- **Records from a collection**
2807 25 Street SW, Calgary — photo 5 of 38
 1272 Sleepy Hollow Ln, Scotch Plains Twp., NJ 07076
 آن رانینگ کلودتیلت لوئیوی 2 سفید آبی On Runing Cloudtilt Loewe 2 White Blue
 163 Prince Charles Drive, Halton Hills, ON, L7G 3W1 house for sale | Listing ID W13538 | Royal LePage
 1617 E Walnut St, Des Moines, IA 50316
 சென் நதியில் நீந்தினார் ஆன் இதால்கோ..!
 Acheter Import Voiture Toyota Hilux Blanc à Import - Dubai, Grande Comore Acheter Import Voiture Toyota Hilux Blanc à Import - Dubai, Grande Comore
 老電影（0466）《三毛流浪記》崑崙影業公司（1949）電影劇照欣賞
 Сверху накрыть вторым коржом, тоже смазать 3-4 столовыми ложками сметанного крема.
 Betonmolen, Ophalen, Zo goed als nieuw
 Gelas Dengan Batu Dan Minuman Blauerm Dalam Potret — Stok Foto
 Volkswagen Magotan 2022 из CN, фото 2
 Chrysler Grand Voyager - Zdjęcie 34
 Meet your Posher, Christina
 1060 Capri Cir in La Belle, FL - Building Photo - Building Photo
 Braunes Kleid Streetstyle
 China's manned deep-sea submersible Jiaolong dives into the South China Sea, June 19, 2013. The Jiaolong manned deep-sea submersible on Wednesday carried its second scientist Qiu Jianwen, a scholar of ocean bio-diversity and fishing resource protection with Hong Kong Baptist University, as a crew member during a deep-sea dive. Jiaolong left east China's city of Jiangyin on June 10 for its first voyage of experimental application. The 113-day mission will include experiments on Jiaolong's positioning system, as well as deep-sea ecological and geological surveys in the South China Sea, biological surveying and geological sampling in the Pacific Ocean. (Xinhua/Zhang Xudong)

- **What you have to do**
Retype all the data verbatim.

- **Result below**
2807 25 Street SW, Calgary — photo 5 of 38
 1272 Sleepy Hollow Ln, Scotch Plains Twp., NJ 07076
 آن رانینگ کلودتیلت لوئیوی 2 سفید آبی On Runing Cloudtilt Loewe 2 White Blue
 163 Prince Charles Drive, Halton Hills, ON, L7G 3W1 house for sale | Listing ID W13538 | Royal LePage
 1617 E Walnut St, Des Moines, IA 50316
 சென் நதியில் நீந்தினார் ஆன் இதால்கோ..!
 Acheter Import Voiture Toyota Hilux Blanc à Import - Dubai, Grande Comore Acheter Import Voiture Toyota Hilux Blanc à Import - Dubai, Grande Comore
 老電影（0466）《三毛流浪記》崑崙影業公司（1949）電影劇照欣賞
 Сверху накрыть вторым коржом, тоже смазать 3-4 столовыми ложками сметанного крема.
 Betonmolen, Ophalen, Zo goed als nieuw
 Gelas Dengan Batu Dan Minuman Blauerm Dalam Potret — Stok Foto
 Volkswagen Magotan 2022 из CN, фото 2
 Chrysler Grand Voyager - Zdjęcie 34
 Meet your Posher, Christina
 1060 Capri Cir in La Belle, FL - Building Photo - Building Photo
 Braunes Kleid Streetstyle
 China's manned deep-sea submersible Jiaolong dives into the South China Sea, June 19, 2013. The Jiaolong manned deep-sea submersible on Wednesday carried its second scientist Qiu Jianwen, a scholar of ocean bio-diversity and fishing resource protection with Hong Kong Baptist University, as a crew member during a deep-sea dive. Jiaolong left east China's city of Jiangyin on June 10 for its first voyage of experimental application. The 113-day mission will include experiments on Jiaolong's positioning system, as well as deep-sea ecological and geological surveys in the South China Sea, biological surveying and geological sampling in the Pacific Ocean. (Xinhua/Zhang Xudong)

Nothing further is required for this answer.